REQUIRED WORK » Apart from the pictures, every entry below should be repeated exactly.

DATA FOR ANALYSIS »

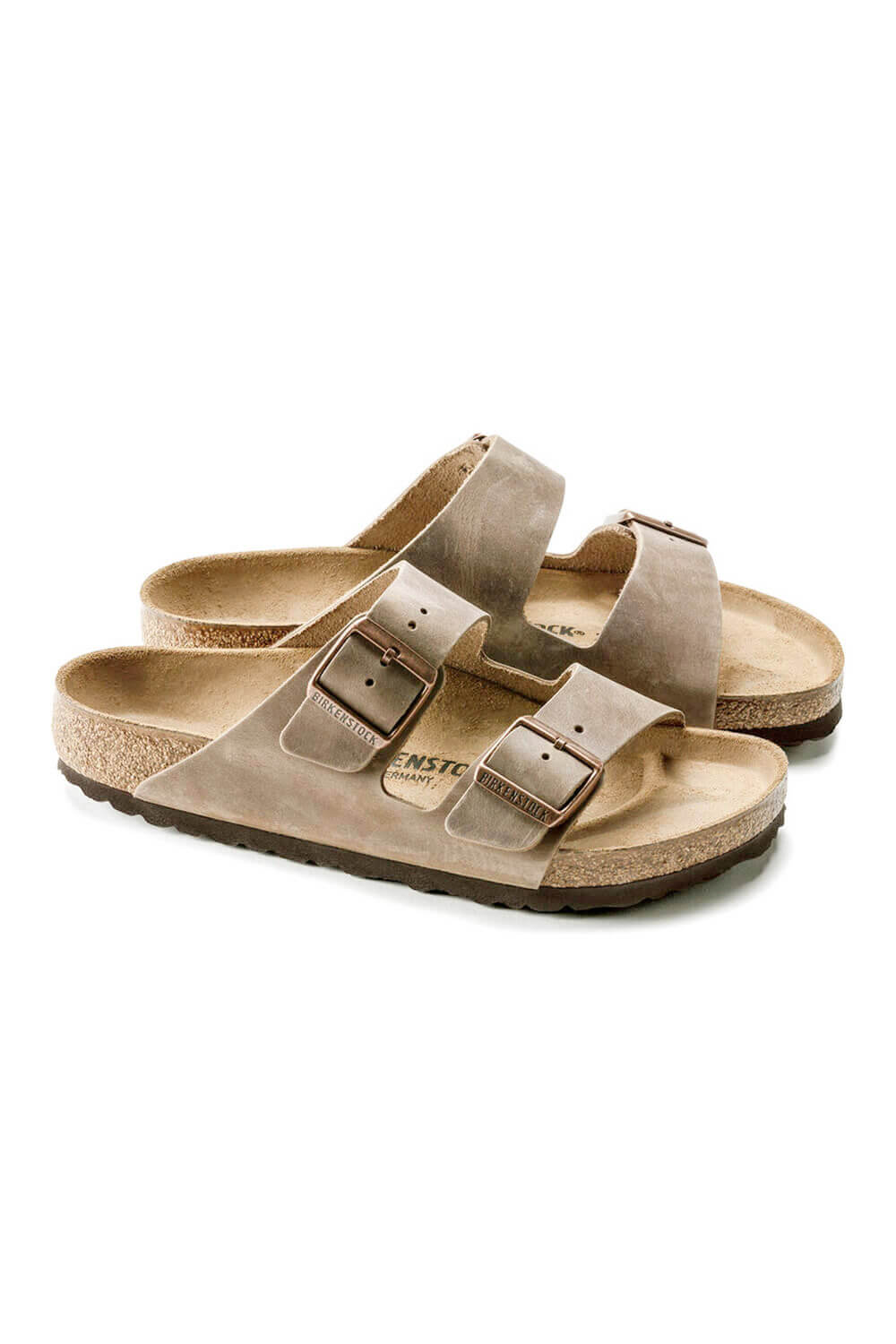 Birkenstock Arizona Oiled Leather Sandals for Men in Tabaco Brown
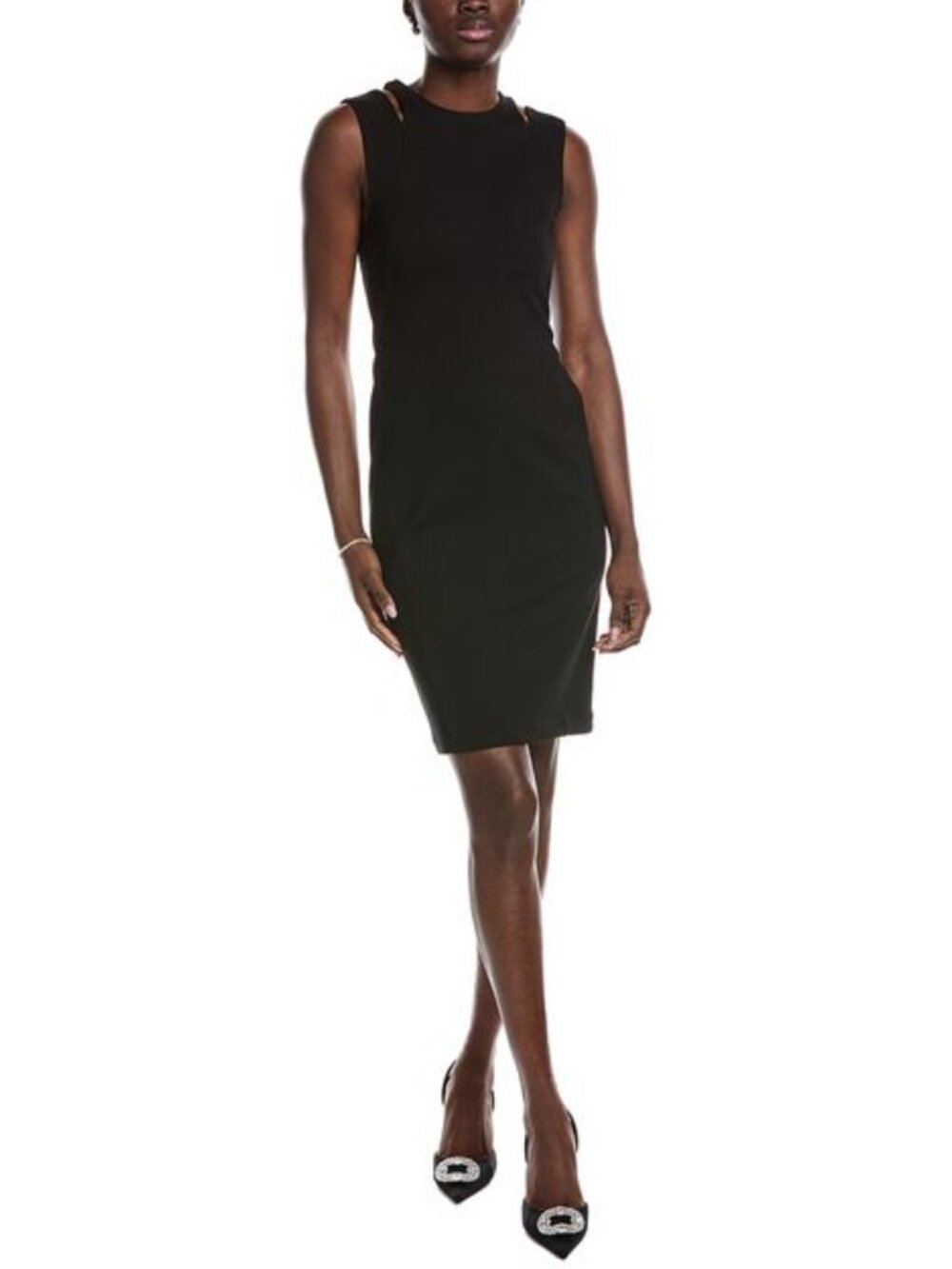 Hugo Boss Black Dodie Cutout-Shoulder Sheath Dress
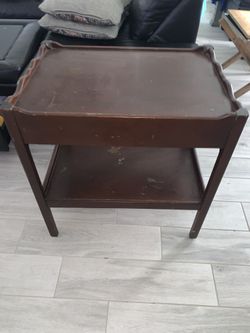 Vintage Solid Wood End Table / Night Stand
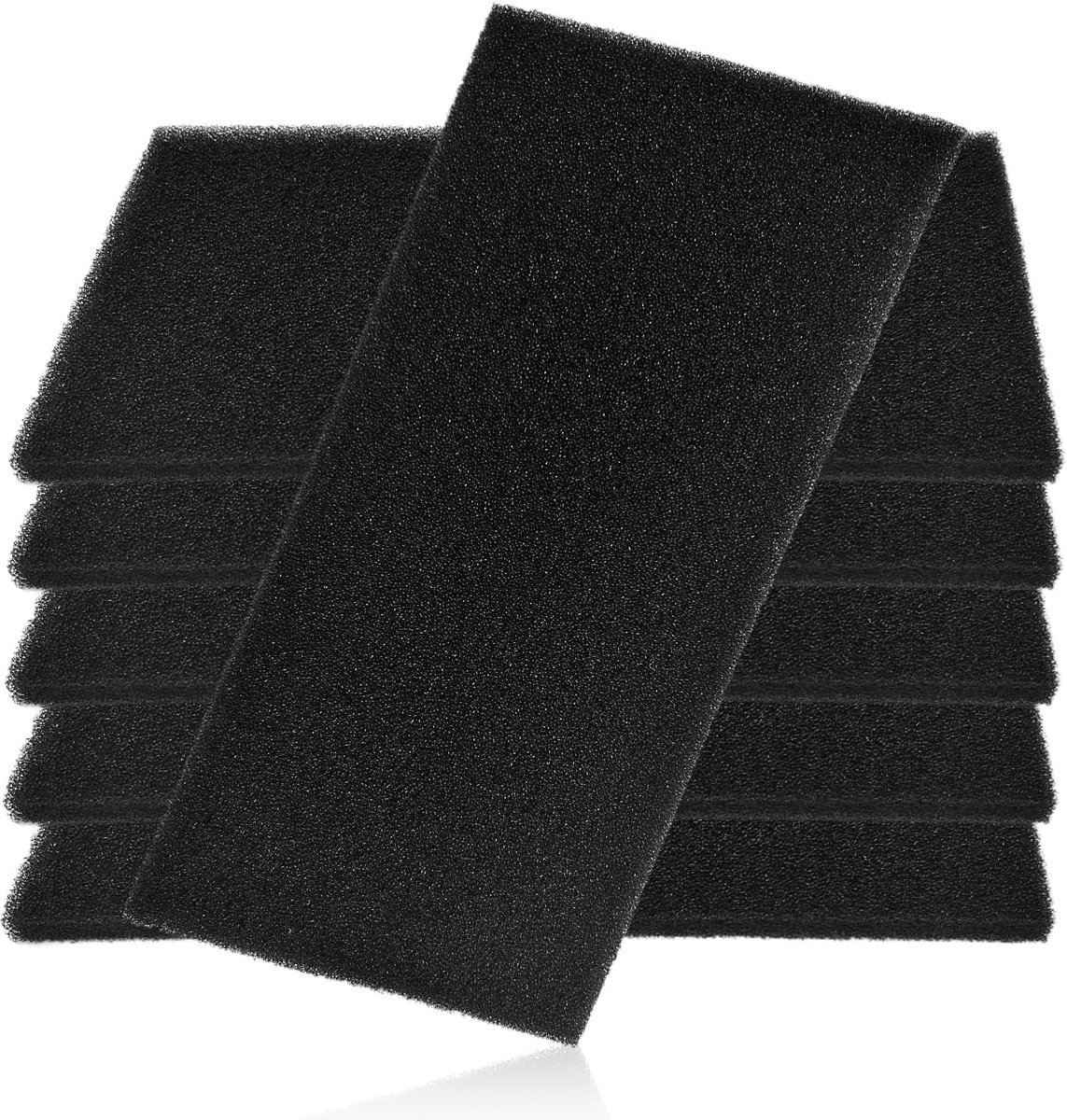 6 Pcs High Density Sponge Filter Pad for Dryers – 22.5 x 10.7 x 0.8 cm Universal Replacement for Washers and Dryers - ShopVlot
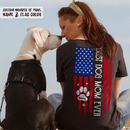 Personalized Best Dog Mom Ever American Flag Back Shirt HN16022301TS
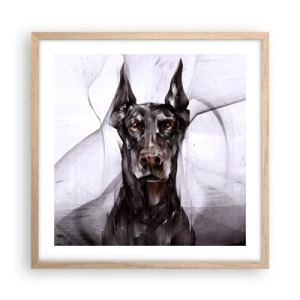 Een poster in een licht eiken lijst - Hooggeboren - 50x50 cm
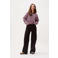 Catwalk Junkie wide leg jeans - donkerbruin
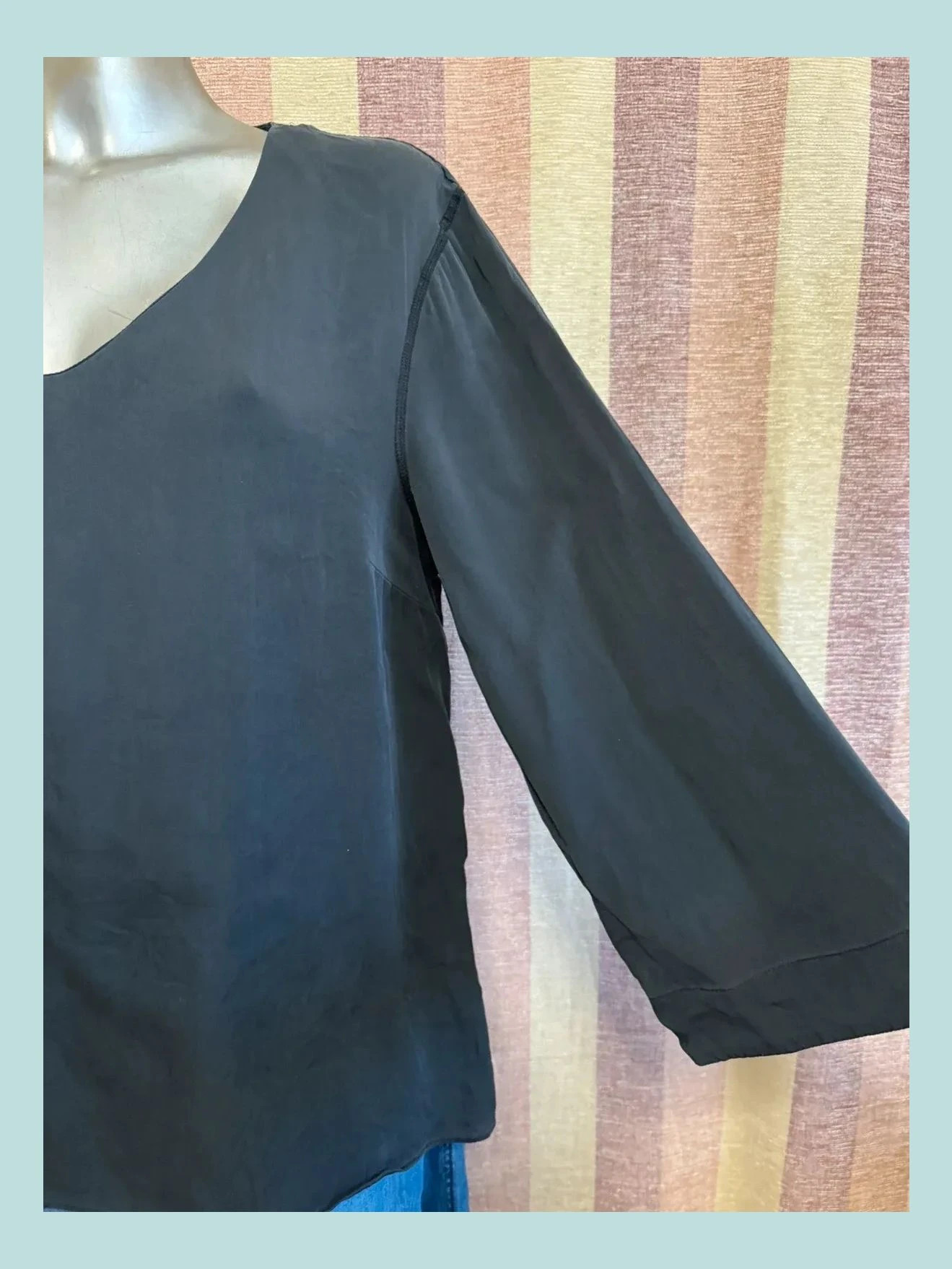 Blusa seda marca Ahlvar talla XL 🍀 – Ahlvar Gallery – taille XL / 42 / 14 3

ANSWER TO THE EXERCISE »
 Birkenstock Arizona Oiled Leather Sandals for Men in Tabaco Brown
 Hugo Boss Black Dodie Cutout-Shoulder Sheath Dress
 Vintage Solid Wood End Table / Night Stand
 6 Pcs High Density Sponge Filter Pad for Dryers – 22.5 x 10.7 x 0.8 cm Universal Replacement for Washers and Dryers - ShopVlot
 Personalized Best Dog Mom Ever American Flag Back Shirt HN16022301TS
 Een poster in een licht eiken lijst - Hooggeboren - 50x50 cm
 Catwalk Junkie wide leg jeans - donkerbruin
 Blusa seda marca Ahlvar talla XL 🍀 – Ahlvar Gallery – taille XL / 42 / 14 3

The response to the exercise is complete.